Note that the $170,000 limit is in reference to your 2015 Tax return (the return that was due 1.5 years ago in April 2016). If your income reported as $173,250 was in 2015, then the couple will be paying $53.50 a month extra for Medicare Part B now, in 2017.

If you are using the $170,000 number to predict what will happen next year, that is probably the wrong number to be using as it may have gone up.



As I understand the MAGI calculation, all of the dividend, pension, required IRA, and the part-time income minus 401a contribution count towards MAGI. In addition, even though for this couple only 85% of Social Sec 1 and 2 go to AGI, the full 100% of the Social Sec benefit for each goes towards MAGI.
It appears to me that the full 100% of SS benefits is NOT included in the AGI (and thus not in the MAGI). Only the 85% that is taxable is included in the AGI (line 37 - the last line on the front page of Form 1040). The 15% that is not taxable got taken out on line 20 of form 1040.

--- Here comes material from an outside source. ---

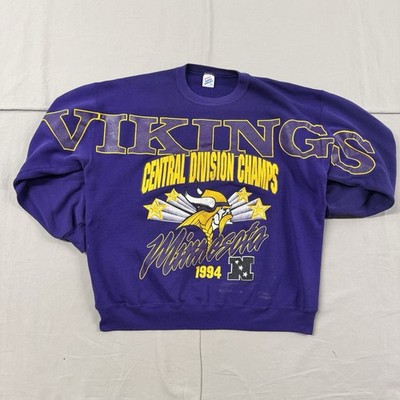Vintage 1994 Jerzees Minnesota Vikings Central Division Champs Crewneck Sz L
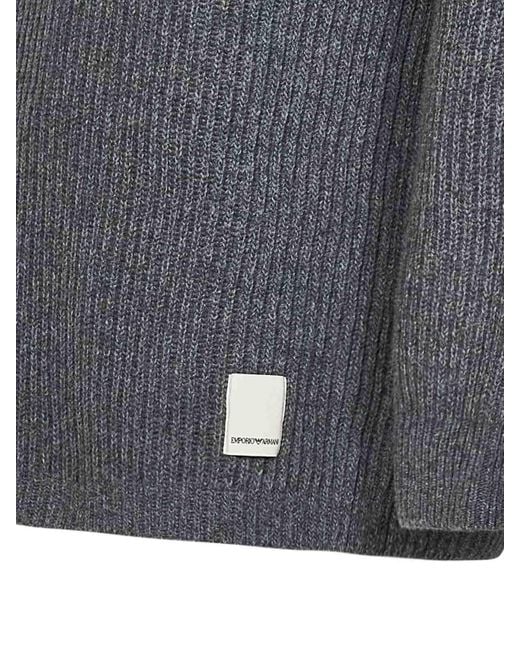Emporio Armani Gray Wool Blend Knit Sweater for men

If that's correct, then this couple has 173,250 MAGI and would be in the $170K Medicare payment subsidy class.
I do not believe it is correct. In the example given, the untaxed SS would bring the MAGI well below the $170,000 limit on the 2015 taxes and the couple should not be paying the higher premium now in 2017.

Again, if the income numbers you are quoting represent 2017 income, the $170,000 limit may not apply. A higher limit may apply.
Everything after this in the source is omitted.